Problem requirements: When you find the line with "Eddie Vedder 3" among the records below, reproduce it and each line after it exactly, ending with the line with "2017 NISSAN VERSA 3N1CN7AP5HL879936 Photo 5".

[Collected data entries]
——————
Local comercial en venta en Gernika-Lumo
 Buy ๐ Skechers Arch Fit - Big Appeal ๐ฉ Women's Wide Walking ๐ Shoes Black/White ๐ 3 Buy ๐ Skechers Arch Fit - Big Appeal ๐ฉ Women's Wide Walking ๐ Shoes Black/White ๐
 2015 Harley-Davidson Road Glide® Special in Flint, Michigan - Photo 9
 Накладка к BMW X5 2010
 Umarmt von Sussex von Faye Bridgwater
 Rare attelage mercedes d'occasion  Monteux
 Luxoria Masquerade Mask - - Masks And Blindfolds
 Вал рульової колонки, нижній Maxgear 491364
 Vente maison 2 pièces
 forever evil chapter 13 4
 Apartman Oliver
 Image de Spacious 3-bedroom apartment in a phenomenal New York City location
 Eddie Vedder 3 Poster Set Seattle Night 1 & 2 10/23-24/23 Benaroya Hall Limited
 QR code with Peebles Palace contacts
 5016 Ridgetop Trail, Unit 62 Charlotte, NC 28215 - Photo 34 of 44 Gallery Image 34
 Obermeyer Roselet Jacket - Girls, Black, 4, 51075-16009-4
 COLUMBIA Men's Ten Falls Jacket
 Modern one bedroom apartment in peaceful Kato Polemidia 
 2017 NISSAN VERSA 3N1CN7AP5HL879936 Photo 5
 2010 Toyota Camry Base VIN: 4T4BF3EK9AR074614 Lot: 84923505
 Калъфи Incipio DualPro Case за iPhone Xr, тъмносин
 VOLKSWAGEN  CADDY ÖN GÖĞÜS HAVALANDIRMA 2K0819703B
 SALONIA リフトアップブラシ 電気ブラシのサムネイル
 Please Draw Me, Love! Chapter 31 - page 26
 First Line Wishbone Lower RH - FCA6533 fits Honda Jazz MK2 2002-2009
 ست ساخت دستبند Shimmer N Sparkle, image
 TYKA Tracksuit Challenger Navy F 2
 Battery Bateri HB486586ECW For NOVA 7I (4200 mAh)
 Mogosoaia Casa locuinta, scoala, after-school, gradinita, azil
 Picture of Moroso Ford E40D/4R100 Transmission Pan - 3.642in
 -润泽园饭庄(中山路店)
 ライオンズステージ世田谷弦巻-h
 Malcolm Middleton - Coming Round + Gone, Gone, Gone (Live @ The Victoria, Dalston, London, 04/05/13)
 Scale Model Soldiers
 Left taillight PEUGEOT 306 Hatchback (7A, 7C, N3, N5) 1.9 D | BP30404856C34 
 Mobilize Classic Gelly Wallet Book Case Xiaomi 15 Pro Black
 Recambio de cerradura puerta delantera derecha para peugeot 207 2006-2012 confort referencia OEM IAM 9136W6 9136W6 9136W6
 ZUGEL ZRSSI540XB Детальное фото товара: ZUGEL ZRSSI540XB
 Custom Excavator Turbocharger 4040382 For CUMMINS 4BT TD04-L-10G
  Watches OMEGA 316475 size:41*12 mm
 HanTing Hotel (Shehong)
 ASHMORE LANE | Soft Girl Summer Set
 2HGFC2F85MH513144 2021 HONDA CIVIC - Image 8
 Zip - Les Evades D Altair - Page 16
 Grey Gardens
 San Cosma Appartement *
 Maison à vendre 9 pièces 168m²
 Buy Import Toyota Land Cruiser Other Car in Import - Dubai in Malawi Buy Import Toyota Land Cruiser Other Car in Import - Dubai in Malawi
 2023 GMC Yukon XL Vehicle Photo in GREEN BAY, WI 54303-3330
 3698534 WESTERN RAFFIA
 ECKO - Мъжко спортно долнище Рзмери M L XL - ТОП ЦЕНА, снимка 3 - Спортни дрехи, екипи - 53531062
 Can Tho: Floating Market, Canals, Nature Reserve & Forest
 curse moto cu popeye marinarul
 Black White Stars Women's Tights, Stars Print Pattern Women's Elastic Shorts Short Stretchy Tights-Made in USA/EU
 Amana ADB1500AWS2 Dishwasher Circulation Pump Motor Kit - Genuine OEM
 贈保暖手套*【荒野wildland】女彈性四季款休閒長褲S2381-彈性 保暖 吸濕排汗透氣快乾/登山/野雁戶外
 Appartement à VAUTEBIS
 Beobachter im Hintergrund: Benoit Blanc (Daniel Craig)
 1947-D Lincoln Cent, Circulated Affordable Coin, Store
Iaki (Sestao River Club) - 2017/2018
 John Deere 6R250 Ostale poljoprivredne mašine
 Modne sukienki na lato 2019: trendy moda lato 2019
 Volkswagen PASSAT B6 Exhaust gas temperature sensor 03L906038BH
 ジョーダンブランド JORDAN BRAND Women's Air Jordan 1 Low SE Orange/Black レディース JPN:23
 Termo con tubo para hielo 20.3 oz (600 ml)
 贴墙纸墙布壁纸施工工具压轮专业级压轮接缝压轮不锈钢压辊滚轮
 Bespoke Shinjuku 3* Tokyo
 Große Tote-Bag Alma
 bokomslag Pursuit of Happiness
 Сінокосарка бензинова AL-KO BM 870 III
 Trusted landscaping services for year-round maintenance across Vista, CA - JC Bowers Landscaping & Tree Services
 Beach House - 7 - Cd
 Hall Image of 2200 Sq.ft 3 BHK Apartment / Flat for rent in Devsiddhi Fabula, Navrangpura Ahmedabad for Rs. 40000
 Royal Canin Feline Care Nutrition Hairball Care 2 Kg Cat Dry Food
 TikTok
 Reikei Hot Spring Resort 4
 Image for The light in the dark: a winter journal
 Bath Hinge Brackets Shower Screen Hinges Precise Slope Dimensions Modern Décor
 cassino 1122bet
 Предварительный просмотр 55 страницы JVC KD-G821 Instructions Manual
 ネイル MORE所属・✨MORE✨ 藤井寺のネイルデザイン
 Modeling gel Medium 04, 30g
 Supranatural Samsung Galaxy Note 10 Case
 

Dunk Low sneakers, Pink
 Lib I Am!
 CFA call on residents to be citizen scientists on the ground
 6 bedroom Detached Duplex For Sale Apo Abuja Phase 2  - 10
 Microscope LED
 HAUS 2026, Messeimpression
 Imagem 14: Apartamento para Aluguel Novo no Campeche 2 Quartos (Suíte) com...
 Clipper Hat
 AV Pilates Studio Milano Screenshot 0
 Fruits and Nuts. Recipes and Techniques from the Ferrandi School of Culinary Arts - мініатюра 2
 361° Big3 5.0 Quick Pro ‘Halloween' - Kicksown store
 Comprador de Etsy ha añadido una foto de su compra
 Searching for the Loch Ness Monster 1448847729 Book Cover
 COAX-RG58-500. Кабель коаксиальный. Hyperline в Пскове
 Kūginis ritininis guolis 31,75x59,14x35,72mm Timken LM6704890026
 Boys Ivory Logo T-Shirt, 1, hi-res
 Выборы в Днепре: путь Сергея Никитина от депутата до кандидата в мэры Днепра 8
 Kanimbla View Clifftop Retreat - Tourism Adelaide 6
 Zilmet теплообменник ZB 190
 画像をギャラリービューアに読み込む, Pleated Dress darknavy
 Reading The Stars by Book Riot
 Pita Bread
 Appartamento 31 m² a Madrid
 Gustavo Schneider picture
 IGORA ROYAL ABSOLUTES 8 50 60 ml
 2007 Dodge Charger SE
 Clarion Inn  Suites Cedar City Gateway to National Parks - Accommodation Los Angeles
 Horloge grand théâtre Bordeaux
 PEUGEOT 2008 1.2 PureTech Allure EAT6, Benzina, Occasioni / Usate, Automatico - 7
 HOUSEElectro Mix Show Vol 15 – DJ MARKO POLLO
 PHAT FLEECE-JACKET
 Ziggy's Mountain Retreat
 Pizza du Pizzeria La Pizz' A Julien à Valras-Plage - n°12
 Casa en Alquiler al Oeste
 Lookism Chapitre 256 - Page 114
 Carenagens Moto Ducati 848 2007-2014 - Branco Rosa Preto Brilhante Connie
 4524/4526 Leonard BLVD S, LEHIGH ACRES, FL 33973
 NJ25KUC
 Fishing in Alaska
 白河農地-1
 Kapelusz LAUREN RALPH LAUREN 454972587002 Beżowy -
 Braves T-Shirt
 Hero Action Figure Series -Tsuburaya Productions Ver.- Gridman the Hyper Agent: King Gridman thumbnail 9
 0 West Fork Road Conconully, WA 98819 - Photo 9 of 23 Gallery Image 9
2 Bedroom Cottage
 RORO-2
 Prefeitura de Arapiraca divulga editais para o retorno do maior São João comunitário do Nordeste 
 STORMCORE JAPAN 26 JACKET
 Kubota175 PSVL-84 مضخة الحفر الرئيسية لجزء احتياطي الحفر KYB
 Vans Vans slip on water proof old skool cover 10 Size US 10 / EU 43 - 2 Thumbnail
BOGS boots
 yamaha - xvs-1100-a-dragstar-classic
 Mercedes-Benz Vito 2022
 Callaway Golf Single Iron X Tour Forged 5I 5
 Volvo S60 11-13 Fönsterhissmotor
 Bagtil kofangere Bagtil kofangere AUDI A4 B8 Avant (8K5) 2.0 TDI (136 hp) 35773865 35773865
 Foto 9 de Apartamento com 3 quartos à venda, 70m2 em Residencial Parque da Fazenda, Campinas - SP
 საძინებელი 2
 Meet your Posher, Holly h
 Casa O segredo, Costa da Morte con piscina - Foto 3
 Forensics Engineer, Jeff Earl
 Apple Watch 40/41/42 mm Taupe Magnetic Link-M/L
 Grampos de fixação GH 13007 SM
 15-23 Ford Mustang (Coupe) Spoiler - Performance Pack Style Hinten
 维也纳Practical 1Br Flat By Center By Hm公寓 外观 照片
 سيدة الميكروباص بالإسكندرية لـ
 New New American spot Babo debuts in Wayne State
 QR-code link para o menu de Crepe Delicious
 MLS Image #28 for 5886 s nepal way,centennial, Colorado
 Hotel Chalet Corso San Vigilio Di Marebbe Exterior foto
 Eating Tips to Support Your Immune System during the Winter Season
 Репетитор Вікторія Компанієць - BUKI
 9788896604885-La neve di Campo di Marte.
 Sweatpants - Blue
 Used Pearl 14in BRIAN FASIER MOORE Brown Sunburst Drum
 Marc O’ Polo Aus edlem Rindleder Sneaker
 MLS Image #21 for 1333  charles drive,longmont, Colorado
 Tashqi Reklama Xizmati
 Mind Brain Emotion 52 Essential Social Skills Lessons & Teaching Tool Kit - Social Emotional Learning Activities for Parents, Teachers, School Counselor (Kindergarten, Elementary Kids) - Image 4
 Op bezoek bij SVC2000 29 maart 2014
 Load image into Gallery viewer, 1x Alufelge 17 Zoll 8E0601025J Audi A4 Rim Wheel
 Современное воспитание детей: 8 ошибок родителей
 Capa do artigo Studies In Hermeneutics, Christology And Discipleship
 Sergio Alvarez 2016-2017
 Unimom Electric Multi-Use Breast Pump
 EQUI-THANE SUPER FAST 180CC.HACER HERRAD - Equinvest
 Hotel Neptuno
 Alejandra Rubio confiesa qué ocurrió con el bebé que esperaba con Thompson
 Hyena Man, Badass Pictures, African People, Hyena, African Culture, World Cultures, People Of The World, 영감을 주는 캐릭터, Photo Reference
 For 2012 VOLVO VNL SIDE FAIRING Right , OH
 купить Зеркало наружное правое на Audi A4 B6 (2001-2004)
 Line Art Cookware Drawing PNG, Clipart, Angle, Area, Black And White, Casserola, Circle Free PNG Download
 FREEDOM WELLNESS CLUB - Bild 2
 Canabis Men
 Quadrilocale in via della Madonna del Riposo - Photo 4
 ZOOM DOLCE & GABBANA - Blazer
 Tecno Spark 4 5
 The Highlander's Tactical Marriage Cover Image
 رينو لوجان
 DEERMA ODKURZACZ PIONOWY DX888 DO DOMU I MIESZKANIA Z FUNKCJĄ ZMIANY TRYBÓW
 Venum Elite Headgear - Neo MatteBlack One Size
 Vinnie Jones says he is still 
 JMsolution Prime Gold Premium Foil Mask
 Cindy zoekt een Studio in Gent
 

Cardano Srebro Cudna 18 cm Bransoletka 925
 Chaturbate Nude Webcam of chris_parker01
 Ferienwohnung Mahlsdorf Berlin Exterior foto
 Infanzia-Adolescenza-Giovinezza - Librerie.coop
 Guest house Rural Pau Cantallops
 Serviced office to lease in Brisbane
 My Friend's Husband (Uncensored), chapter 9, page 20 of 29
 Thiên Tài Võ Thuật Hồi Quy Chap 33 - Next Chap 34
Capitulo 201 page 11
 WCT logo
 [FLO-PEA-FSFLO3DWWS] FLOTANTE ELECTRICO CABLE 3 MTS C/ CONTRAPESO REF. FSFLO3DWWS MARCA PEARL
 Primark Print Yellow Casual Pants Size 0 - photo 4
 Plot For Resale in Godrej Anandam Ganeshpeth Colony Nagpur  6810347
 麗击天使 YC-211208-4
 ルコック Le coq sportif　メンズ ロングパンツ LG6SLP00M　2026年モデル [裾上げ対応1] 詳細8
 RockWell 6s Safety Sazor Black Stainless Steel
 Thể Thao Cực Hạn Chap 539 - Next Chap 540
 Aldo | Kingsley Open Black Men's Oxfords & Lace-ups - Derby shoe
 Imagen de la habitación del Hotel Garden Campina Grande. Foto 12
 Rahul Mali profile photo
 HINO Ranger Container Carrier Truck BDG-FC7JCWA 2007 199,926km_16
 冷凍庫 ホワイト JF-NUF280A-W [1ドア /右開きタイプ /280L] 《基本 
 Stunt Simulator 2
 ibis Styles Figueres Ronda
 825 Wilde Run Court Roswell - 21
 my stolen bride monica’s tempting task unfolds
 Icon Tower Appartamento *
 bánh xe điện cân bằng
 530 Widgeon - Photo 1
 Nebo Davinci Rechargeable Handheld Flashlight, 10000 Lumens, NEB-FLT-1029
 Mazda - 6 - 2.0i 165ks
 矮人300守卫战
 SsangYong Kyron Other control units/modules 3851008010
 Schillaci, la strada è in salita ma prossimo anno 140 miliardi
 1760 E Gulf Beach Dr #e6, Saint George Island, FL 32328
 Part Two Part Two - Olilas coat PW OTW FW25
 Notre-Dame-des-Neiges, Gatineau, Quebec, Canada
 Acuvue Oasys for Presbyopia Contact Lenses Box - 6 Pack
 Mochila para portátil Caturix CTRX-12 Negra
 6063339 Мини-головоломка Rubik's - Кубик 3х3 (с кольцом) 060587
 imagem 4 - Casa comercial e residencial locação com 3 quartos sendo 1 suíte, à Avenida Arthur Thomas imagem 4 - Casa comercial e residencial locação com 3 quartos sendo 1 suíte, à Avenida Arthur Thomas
——————
Task solution:
 Eddie Vedder 3 Poster Set Seattle Night 1 & 2 10/23-24/23 Benaroya Hall Limited
 QR code with Peebles Palace contacts
 5016 Ridgetop Trail, Unit 62 Charlotte, NC 28215 - Photo 34 of 44 Gallery Image 34
 Obermeyer Roselet Jacket - Girls, Black, 4, 51075-16009-4
 COLUMBIA Men's Ten Falls Jacket
 Modern one bedroom apartment in peaceful Kato Polemidia 
 2017 NISSAN VERSA 3N1CN7AP5HL879936 Photo 5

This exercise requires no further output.